Cette conférence, suivi d’un temps d’échange, était réservée aux cadres et aux professionnels en situation d’encadrement, afin de leur permettre d’amorcer le travail d’équipe nécessaire à l’après crise et redonner une dynamique de groupe au sein de la juridiction avec les partenaires quotidiens. « L’étape du déconfinement présente en effet un enjeu particulier pour les responsables des structures qui devront mobiliser l’ensemble des magistrats, des agents et les partenaires de justice autour d’objectifs et de priorités lisibles et partagés. » ajoute Youssef Badr.

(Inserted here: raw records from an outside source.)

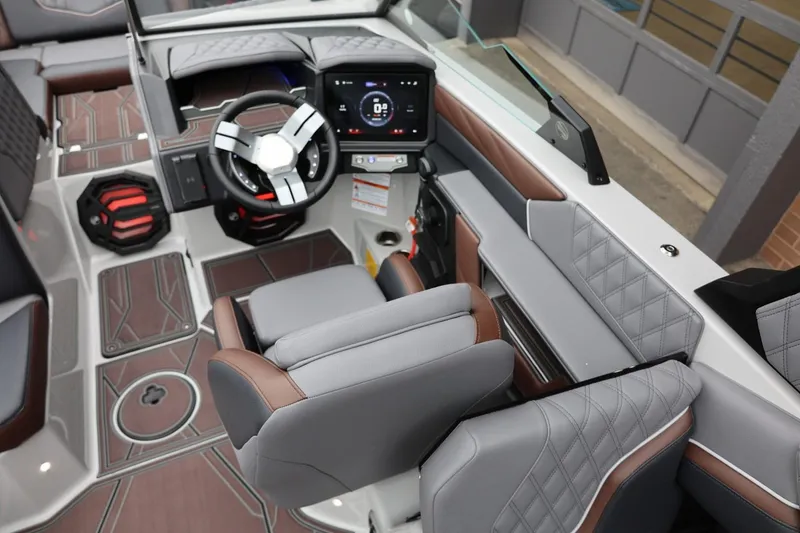 Slide: The Image of 2026 Tigé 22RZX boat interior with modern dashboard and luxurious seating. - 17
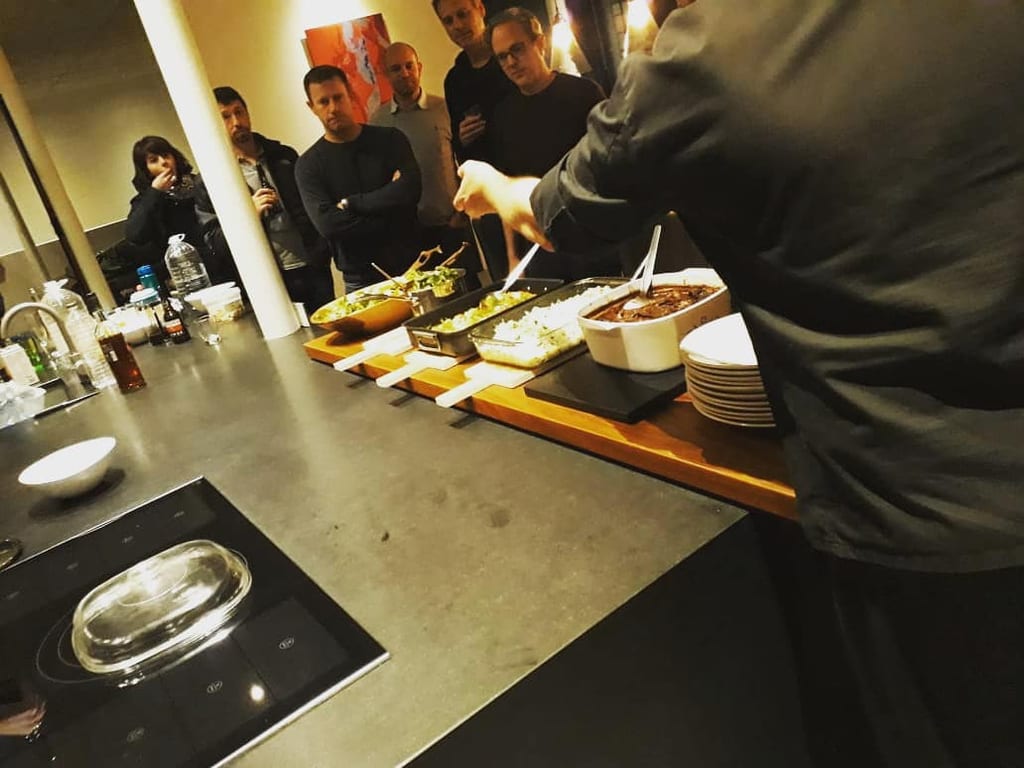 Café Zest chefs plating dishes at a chef’s-table event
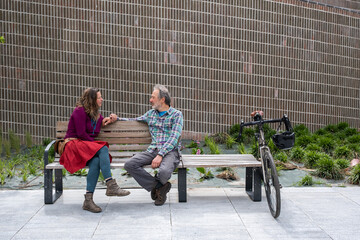 adult couple on a bench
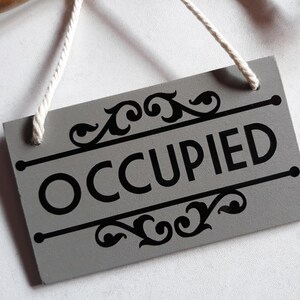 Puede incluir: Un letrero rectangular gris con la palabra "OCCUPIED" en letras negras en negrita. El letrero tiene adornos decorativos negros en la parte superior e inferior y una cuerda blanca para colgar.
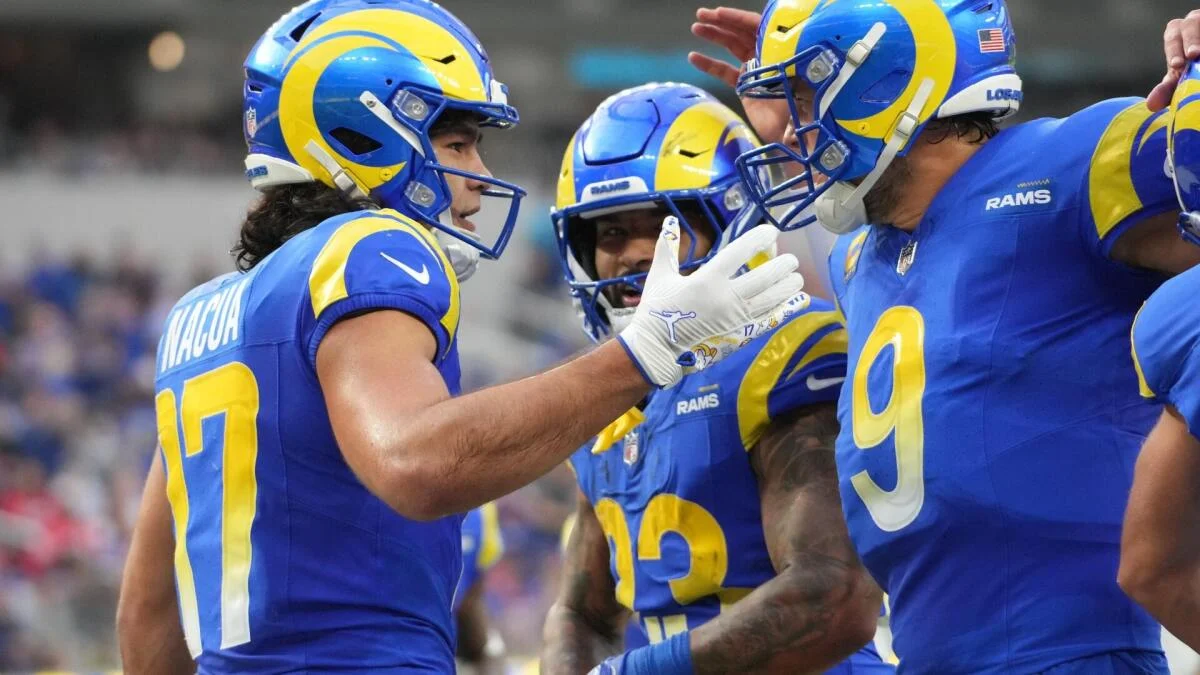 Los Angeles Rams players in blue and yellow uniforms gather together during a football game.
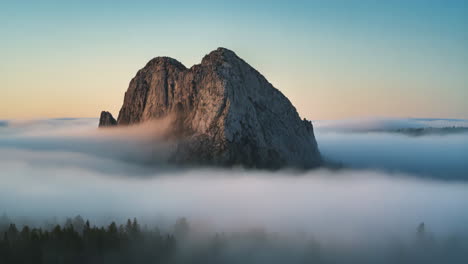 mountain peak emerging through a sea of fog at sunrise or sunset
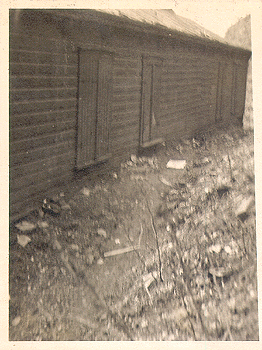 Photograph 
of four bedrooms occupied by four families.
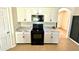 Kitchen boasting black appliances and marble countertops at 3924 Candia Ave, North Port, FL 34286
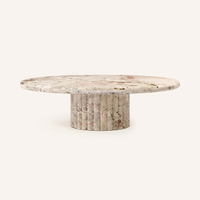 Table basse Dream Home Premium à base sculpturale côtelée, grand plateau rond en marbre, style rustique, pierre naturelle, pour salon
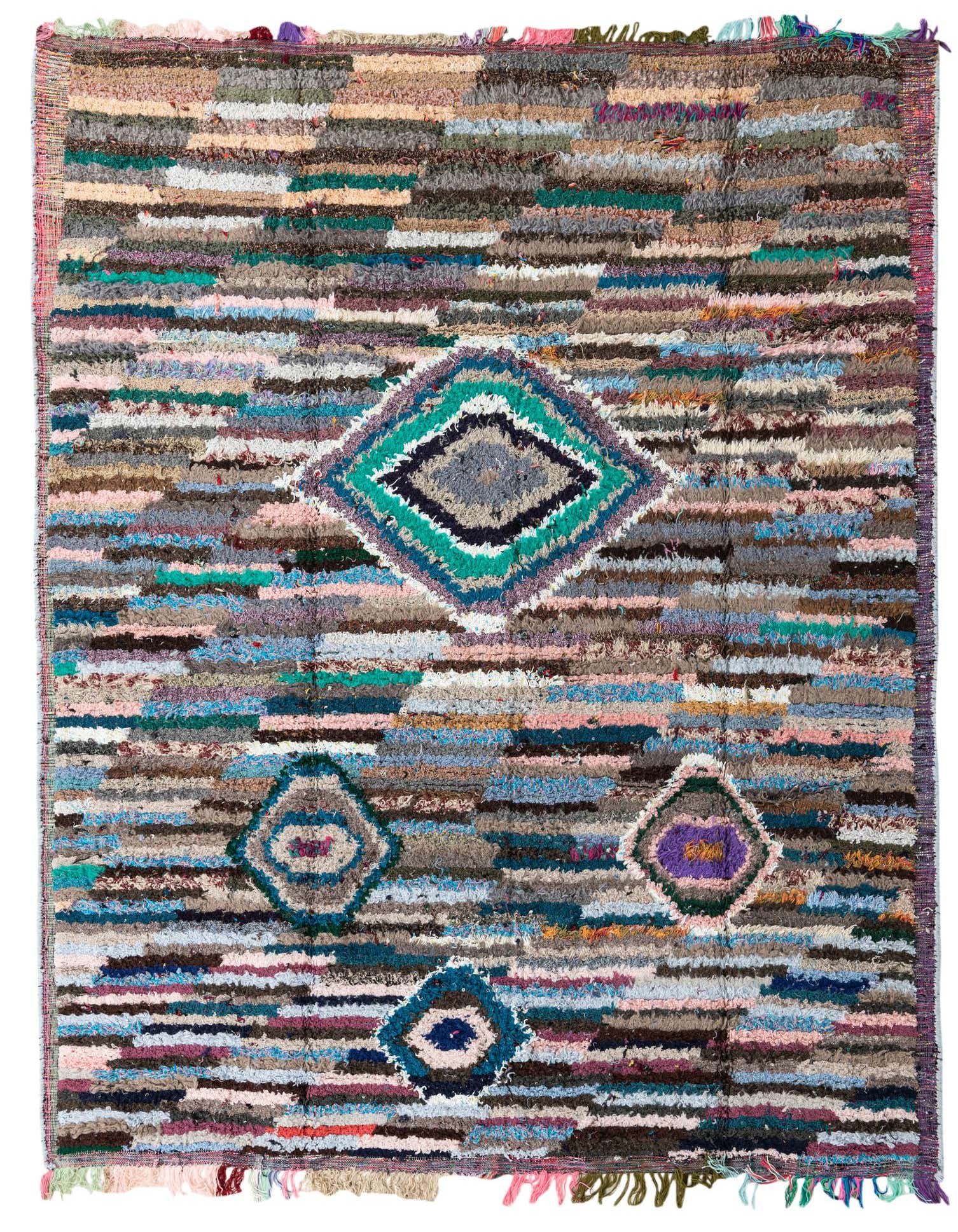 A vibrant 8x10 multi-colored shag rug with a tribal pattern, featuring horizontal stripes and central diamond motifs.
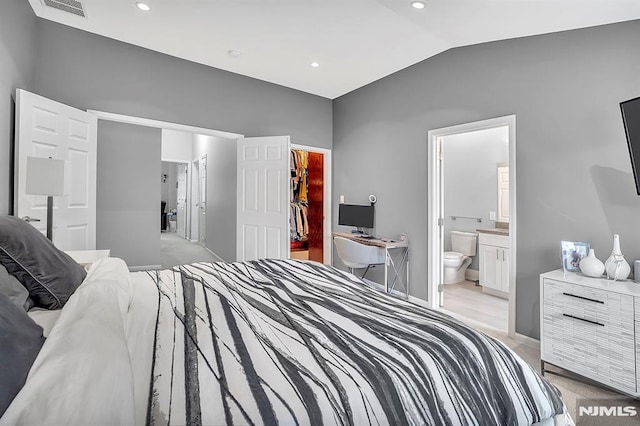 274 Roslyn Ct, West New York, NJ 07093 - bedroom with a walk in closet, vaulted ceiling, a closet, light carpet, and baseboards
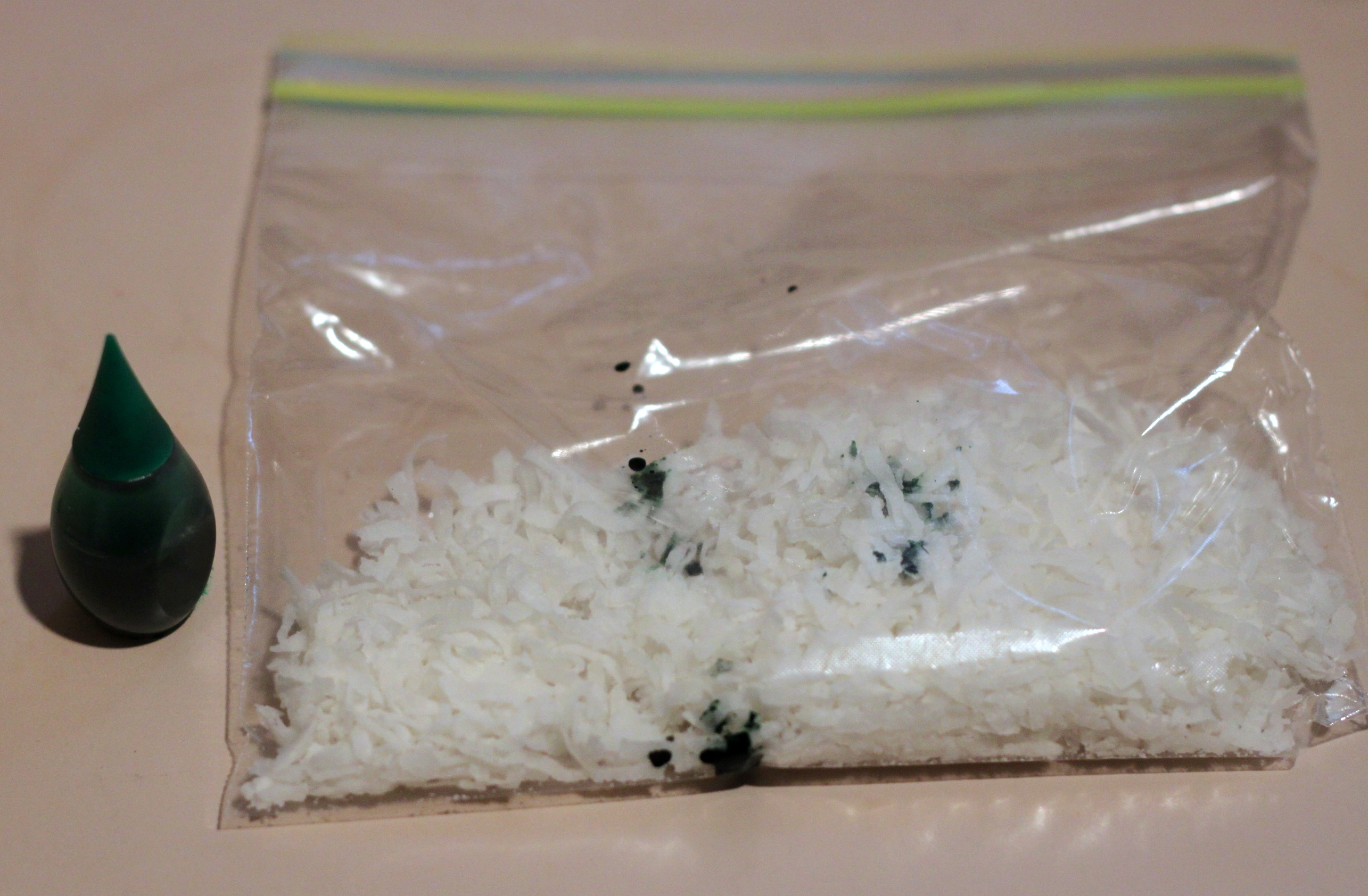 Green dye and coconut in bag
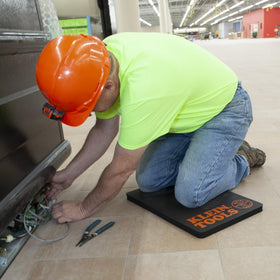 Klein Tools 60135 kneeling pad, handle feature enables quick moves on site.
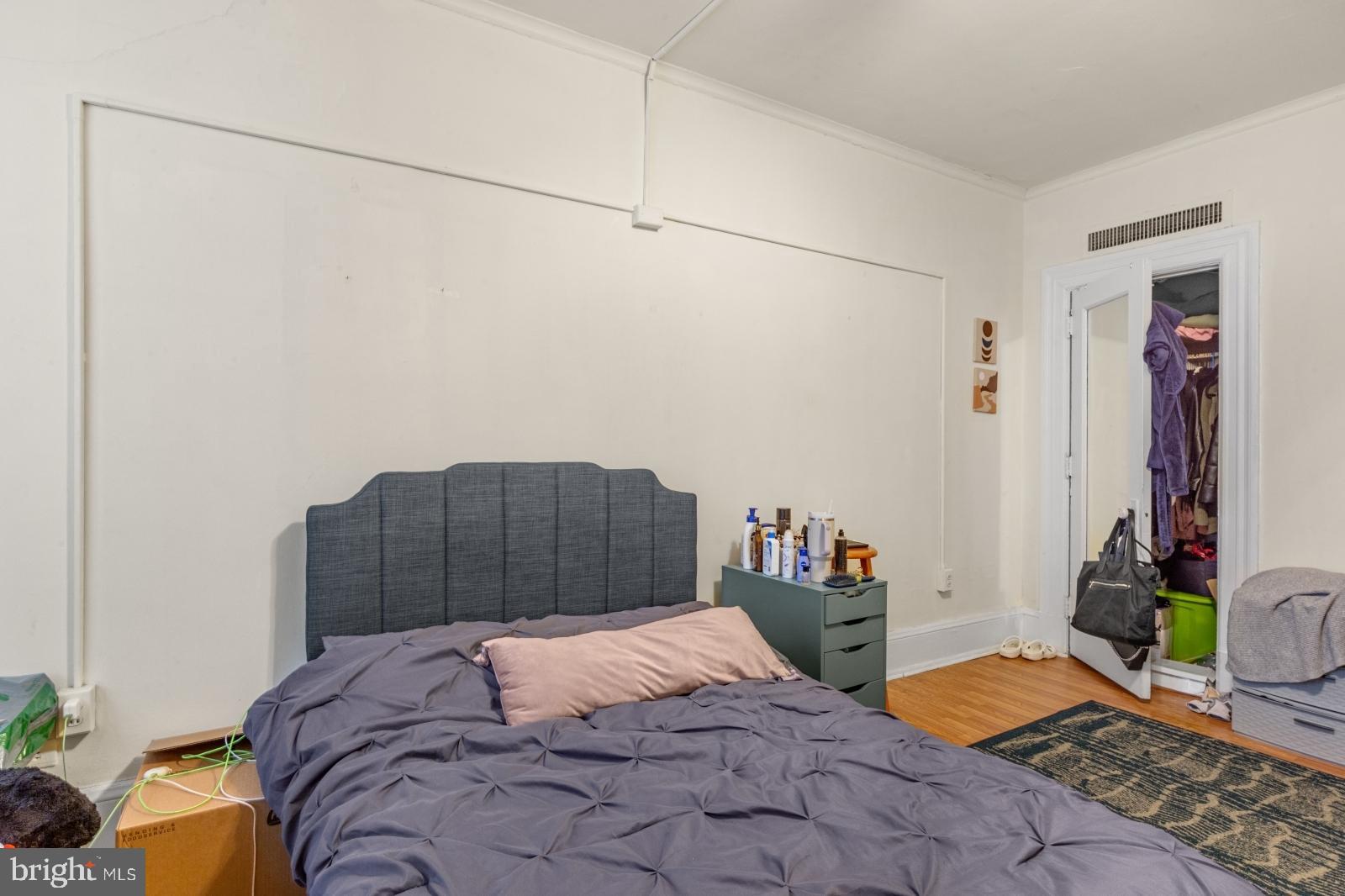 1324 Locust Street, Unit 1503 Philadelphia, PA 19107 - Photo 14 of 38 a bedroom with a bed and a window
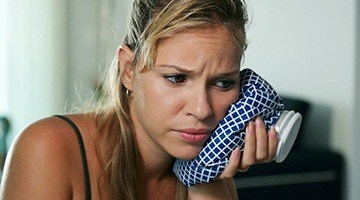 Woman holding ice pack to cheek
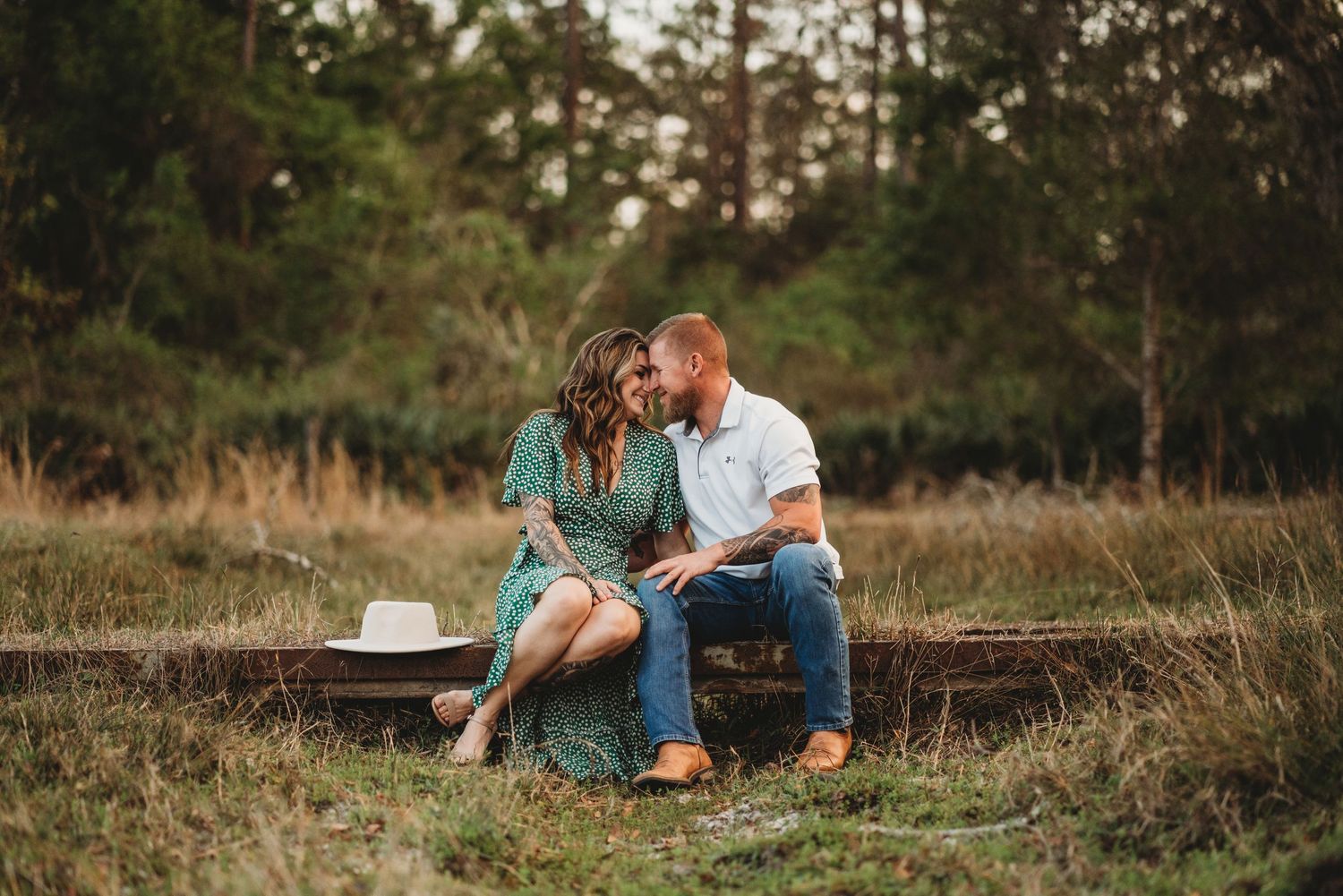 A couple shares a tender moment while sitting on wooden steps in a rustic outdoor setting.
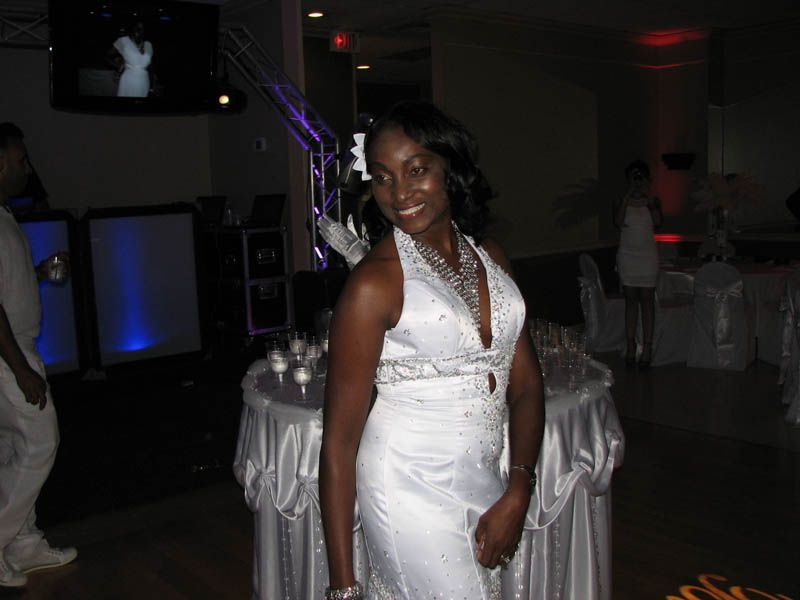 Woman in white gown smiles at camera in a banquet hall.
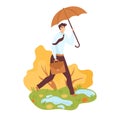 Young man walking with umbrella avoiding puddles, autumn day scenario. Businessman with briefcase on rainy fall day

L’incidence de la crise sanitaire sur les procédures collectives

L’ENM et l’EFB ont co-construit et dispensé à distance le 9 juin dernier à des magistrats et des avocats, une formation dédiée à l’impact de la crise sur les procédures collectives, animée par un magistrat, un avocat et un mandataire judiciaire. Il était nécessaire de déployer cette session dès la parution des ordonnances du Gouvernement, les 27 mars 2020 et 20 mai 2020, pour permettre un mise en place rapide des évolutions. Applicables immédiatement, ces textes modifient notamment les délais de la période d’observation et les modalités du devoir d’alerte.

Comme l’explique Caroline Dupuy, « le confinement a fortement impacté l’économie et de nombreuses entreprises ont vu leur chiffre d’affaires baisser très rapidement. Pour éviter la multiplication des difficultés aboutissant à la disparition pure et simple de certaines sociétés, le gouvernement a pris par ordonnances des mesures favorisant l’économie, mais aménageant également les délais des procédures collectives existantes ayant vocation à placer sous contrôle judiciaire une entreprise en difficulté notamment en gelant ses dettes, dans le cadre d’une sauvegarde, d’un redressement ou d’une liquidation judiciaire. »

À aussi été abordée la crise économique qui parait se profiler, « l’impact réel d’une crise sur l’activité économique pouvant être mesurée en fonction du nombre de procédures collectives ouvertes et de leurs natures (liquidation ou redressement judiciaire) », ajoute Caroline Dupuy.

Cette formation n’est pas reconduite, en revanche cette thématique sera intégrée aux formations du catalogue 2021 de l’ENM traitant des procédures collectives.

Des formations interprofessionnelles

Quand une évolution sociétale ou jurisprudentielle le nécessite, l’École nationale de la magistrature met à jour les contenus pédagogiques de son offre de formations pour répondre aux besoins des professionnels. Cette réponse de la formation judiciaire à l’actualité se fait régulièrement en coopération avec les autres professionnels de justice concernés.

La formation « Urgence sanitaire et protection des données personnelles de santé » a ainsi été élaborée pour que magistrats et avocats puissent réfléchir ensemble, au-delà de la technique, aux enjeux éthiques de l’utilisation des données personnelles de santé.

Quant à la formation « Impact de l’état d’urgence sanitaire sur les procédures collectives », elle a été dispensée à des magistrats et des avocats car ils sont les acteurs principaux de ces décisions, au côté des juges consulaires. Plus encore, ils ont été formés ensemble en raison de la rapide application des évolutions jurisprudentielles demandée par les ordonnances du Gouvernement : il était nécessaire que ces professionnels soient au fait en même temps des actualisations.

Magistrats, avocats, juristes : l’enquête en entreprise

D’autres formations interprofessionnelles ont été créées en 2020, tel le module sur l’enquête interne aux entreprises, dispensé le 26 juin en distanciel et présentiel à des magistrats, des avocats et des juristes. Cette session fait partie du cycle 2 de la formation «  Magistrat, avocat, juriste » déployée en 2019 et co-construite avec l’Association française des juristes d'entreprise (AFJE) et l’EFB.